Re: Wassenaar Statement

If these reports are correct, the United States could end up being one of the countries with the most LIBERAL export controls. In the United States, it is currently legal to export any cryptographic software you like - as long as it is in printed form. This is because of fears of violating the First Amendment. Not all countries have such strong conventions for protecting the printed word. PGP source code is being exported in printed form, scanned in overseas, and then distributed from there. If the Wassenaar Arrangement prevents it from being exported from its current overseas distribution site, a solution can be to ship it in printed form from the U.S. to a wide range of other countries.

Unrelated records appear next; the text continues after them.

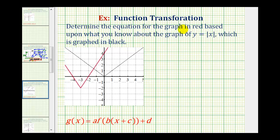We want to determine the equation for the graph in red, based upon what we know about the graph of y equals the absolute value of x, which is graphed in black. So let's go ahead and call the basic absolute value function f of x, so we have f of x equals the absolute value of x. Let's call the red function g of x.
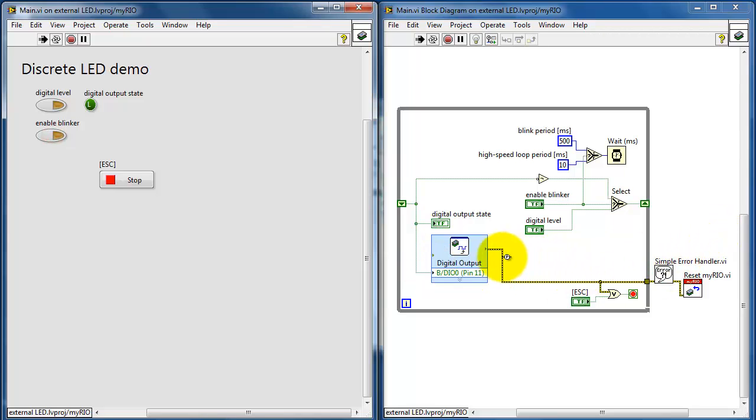Let's take a look at the error cluster generated by the Express VI. This is ORed together with the stop button back here on the front panel.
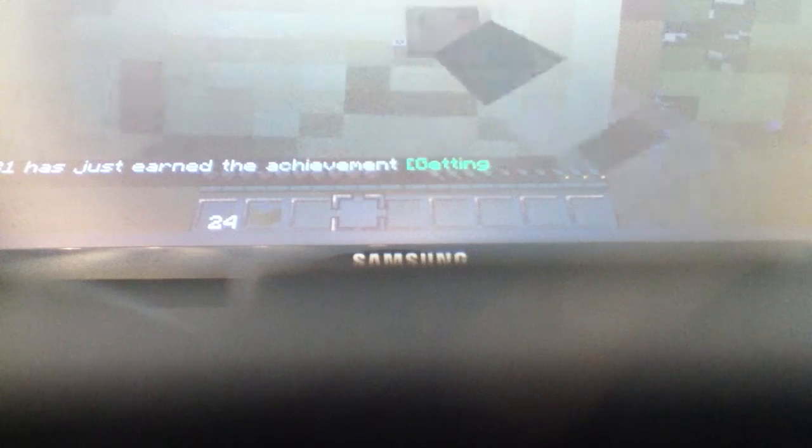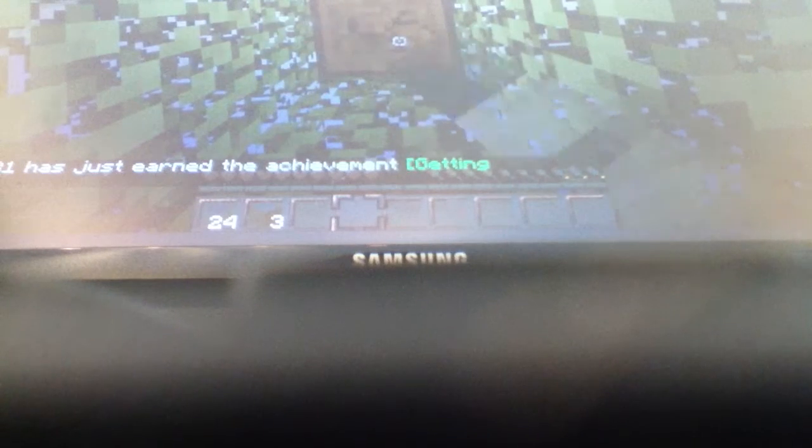So let's continue to punch wood here. Oh wow, I finally got the 'Getting Wood' achievement, even though I already got wood before. It's kind of weird, but we'll continue to punch wood.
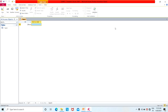This is the MS Access user interface. We use the database to manage tables, forms, reports, and queries. For example, data such as student data, employee data, salary, marks, and results can all be managed here.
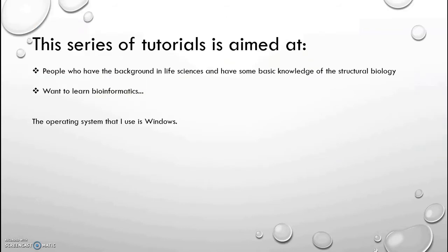Before we start, this series of tutorials is aimed at people who have a background in life sciences and have some basic knowledge of structural biology and want to learn bioinformatics. The operating system that I use is Windows.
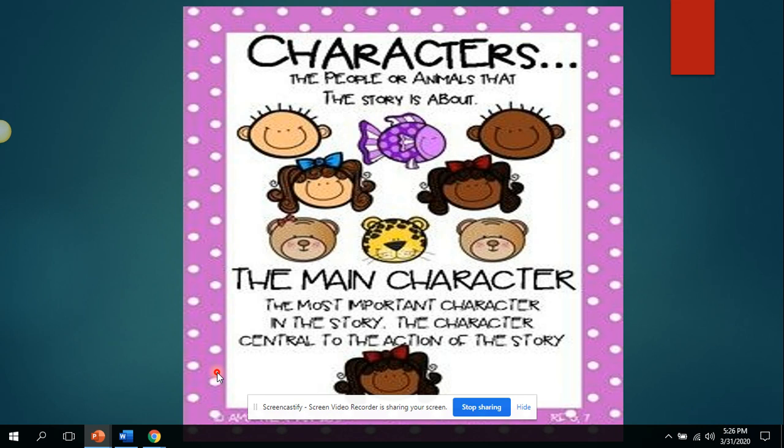Remember that a character is a person, animal, or thing in a story. And the main character is the most important person, animal, or thing.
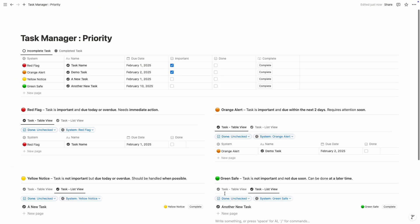All right, so here is our task priority manager — hope now you can build it on your own. Thank you for your time and thank you for watching this video. If you want to learn something new, let me know in the comment section. See you in the next video, bye bye.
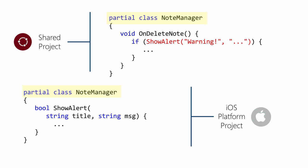Partial classes is where we split the definition of a single class across multiple source files. This is commonly used for code generation, for things like UI design and database entity model generation tools.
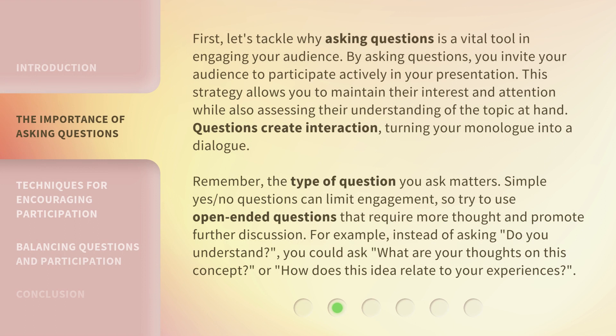First, let's tackle why asking questions is a vital tool in engaging your audience. By asking questions, you invite your audience to participate actively in your presentation. This strategy allows you to maintain their interest and attention, while also assessing their understanding of the topic at hand. Questions create interaction, turning your monologue into a dialogue. Remember, the type of question you ask matters.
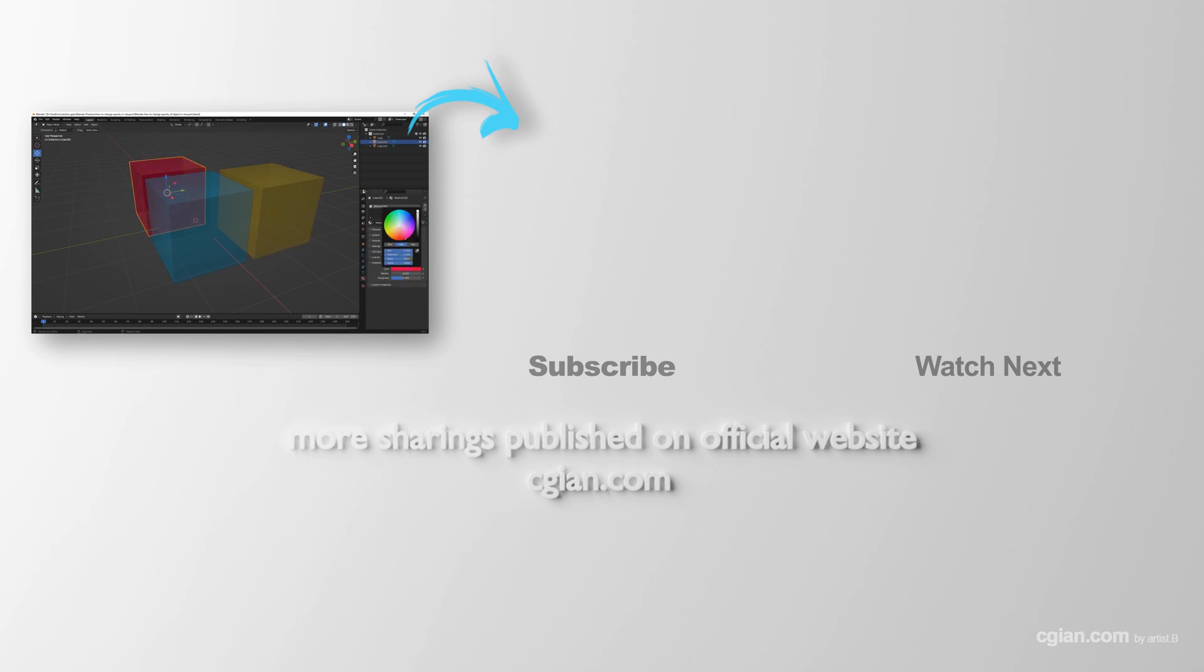Please subscribe to this channel. More videos will be shared with you. I'm Artis B. See you in the next video. Bye bye.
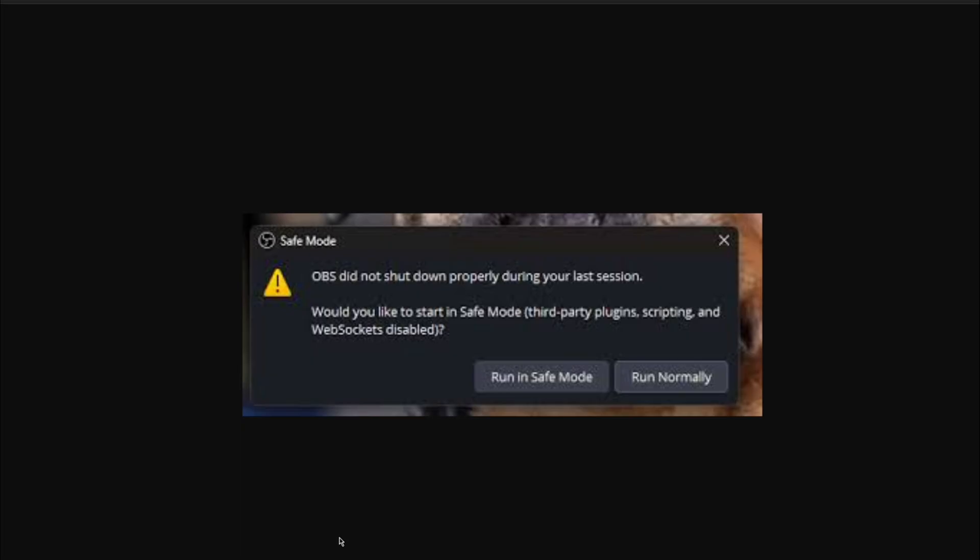If you're anything like me, this message comes up every time you start OBS and you can click run normally and it runs absolutely fine. This seems to come up when it thinks OBS hasn't shut down properly, so it thinks it's crashed. I get this every single time I start it up.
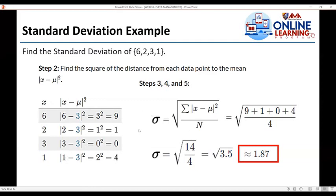Then, using the formula for the population standard deviation, we take the square root of the summation of |x minus mu| squared divided by N. That is equal to the square root of (9 + 1 + 0 + 4) divided by 4, which equals the square root of 14/4, or the square root of 3.5, approximately equal to 1.87.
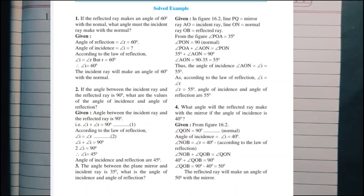Hello students, we are doing the solved examples of the chapter reflection of light. It is chapter number 16.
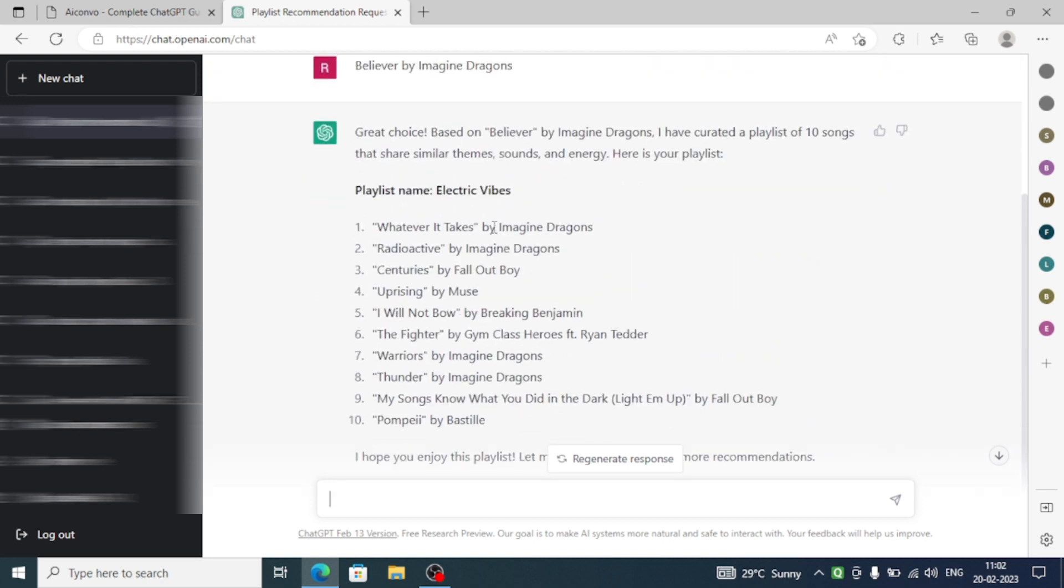And here we have got an amazing reply. Amazing 10 songs that have the same theme as the song Believer by Imagine Dragons. So isn't that amazing?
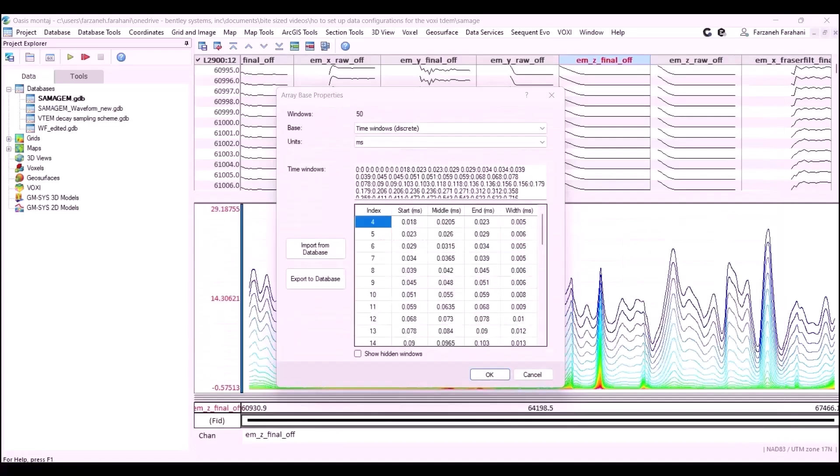In the VTEM system, they have the first group of time channels that will be dummied out and perhaps some of the late dummies will be dummied out as well. And we start at the index 4, which is appropriate for this setup.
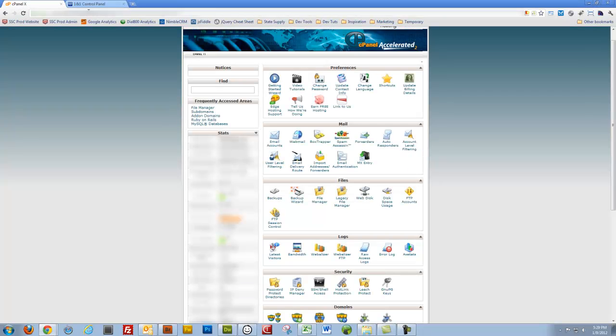Howdy folks. Alright, today I'm going to go over how to set up CNAMEs in cPanel for Google Apps.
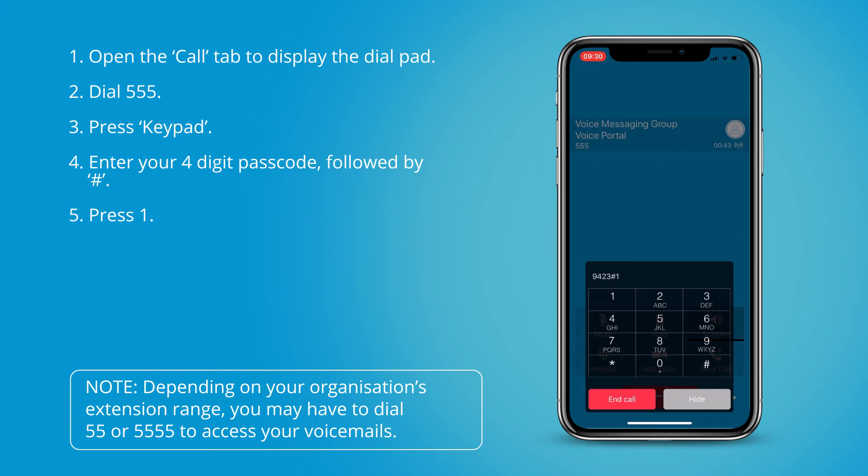You have three saved messages in your mailbox. To listen to your messages press 1. To change your mailbox busy greeting press 2. To change your mailbox no answer greeting press 3.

As long as those countries don't prohibit domestic distribution of crypto software, strong cryptography can still be made available almost everywhere. The PGP source code books begin with a section that is, in effect, a "how-to" for printing software in such a way that it can be reliably scanned. Each page and each line has a checksum. The books come with a Perl script short enough to enter by hand that does basic checksum verification. This is used to read a second, longer Perl script that can do error correction; and this is then used to bootstrap into the full script which will read the books, create all the files, organize the directories, and reconstruct the entire source code tree. It may be that in the future this will be the most effective way to communicate internationally about security software. It would be good for other groups to become familiar with this technology which has been pioneered by PGP.